WHAT YOU HAVE TO DO: Set down exactly the entries below, beginning at their first line and ending at the line with "2026 Forest River".

Records drawn from a dataset:

--- START ---

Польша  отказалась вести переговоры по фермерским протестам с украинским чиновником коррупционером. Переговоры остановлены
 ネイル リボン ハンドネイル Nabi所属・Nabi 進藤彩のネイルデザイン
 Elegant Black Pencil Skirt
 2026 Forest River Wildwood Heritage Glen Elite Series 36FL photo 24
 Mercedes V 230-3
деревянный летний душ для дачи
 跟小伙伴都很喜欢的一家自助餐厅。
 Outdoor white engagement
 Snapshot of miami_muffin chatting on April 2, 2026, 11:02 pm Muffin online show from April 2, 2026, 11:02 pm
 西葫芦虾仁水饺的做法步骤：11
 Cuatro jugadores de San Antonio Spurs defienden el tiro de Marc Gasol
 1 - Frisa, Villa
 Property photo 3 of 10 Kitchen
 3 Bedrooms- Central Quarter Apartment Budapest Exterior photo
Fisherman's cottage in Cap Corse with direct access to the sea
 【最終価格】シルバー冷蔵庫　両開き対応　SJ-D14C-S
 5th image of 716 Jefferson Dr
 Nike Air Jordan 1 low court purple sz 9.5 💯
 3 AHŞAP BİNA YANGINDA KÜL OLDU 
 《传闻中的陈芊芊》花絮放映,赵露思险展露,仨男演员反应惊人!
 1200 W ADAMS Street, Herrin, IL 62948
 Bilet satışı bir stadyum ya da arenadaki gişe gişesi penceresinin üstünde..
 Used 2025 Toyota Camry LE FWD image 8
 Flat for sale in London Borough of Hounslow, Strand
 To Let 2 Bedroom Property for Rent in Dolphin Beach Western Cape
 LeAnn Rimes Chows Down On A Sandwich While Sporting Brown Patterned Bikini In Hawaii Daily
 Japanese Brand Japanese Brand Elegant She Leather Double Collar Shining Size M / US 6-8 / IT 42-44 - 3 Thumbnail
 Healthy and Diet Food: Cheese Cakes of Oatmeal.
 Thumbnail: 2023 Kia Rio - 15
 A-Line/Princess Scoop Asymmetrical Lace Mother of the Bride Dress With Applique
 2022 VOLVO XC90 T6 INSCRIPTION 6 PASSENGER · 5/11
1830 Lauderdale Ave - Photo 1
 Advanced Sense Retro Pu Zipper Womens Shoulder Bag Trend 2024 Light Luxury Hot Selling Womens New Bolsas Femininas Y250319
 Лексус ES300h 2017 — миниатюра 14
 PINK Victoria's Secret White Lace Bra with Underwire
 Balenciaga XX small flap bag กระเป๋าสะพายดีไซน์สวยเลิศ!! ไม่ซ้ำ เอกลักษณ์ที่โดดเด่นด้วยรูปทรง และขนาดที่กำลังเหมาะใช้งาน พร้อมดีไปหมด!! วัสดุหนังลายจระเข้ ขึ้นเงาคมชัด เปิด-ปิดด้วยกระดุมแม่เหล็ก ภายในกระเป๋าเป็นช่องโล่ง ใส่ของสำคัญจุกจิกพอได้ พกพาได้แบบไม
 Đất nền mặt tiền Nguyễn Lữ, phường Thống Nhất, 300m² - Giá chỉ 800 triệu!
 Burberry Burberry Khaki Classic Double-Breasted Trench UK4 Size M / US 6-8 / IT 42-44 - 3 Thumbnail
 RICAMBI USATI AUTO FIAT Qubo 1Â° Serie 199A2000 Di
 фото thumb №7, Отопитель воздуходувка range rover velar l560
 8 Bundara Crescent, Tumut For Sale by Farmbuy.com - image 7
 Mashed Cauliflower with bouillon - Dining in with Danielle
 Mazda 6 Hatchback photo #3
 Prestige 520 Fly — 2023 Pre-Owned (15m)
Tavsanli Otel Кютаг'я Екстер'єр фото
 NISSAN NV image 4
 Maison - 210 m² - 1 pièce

--- END ---

ANSWER TO THIS EXERCISE:
Польша  отказалась вести переговоры по фермерским протестам с украинским чиновником коррупционером. Переговоры остановлены
 ネイル リボン ハンドネイル Nabi所属・Nabi 進藤彩のネイルデザイン
 Elegant Black Pencil Skirt
 2026 Forest River Wildwood Heritage Glen Elite Series 36FL photo 24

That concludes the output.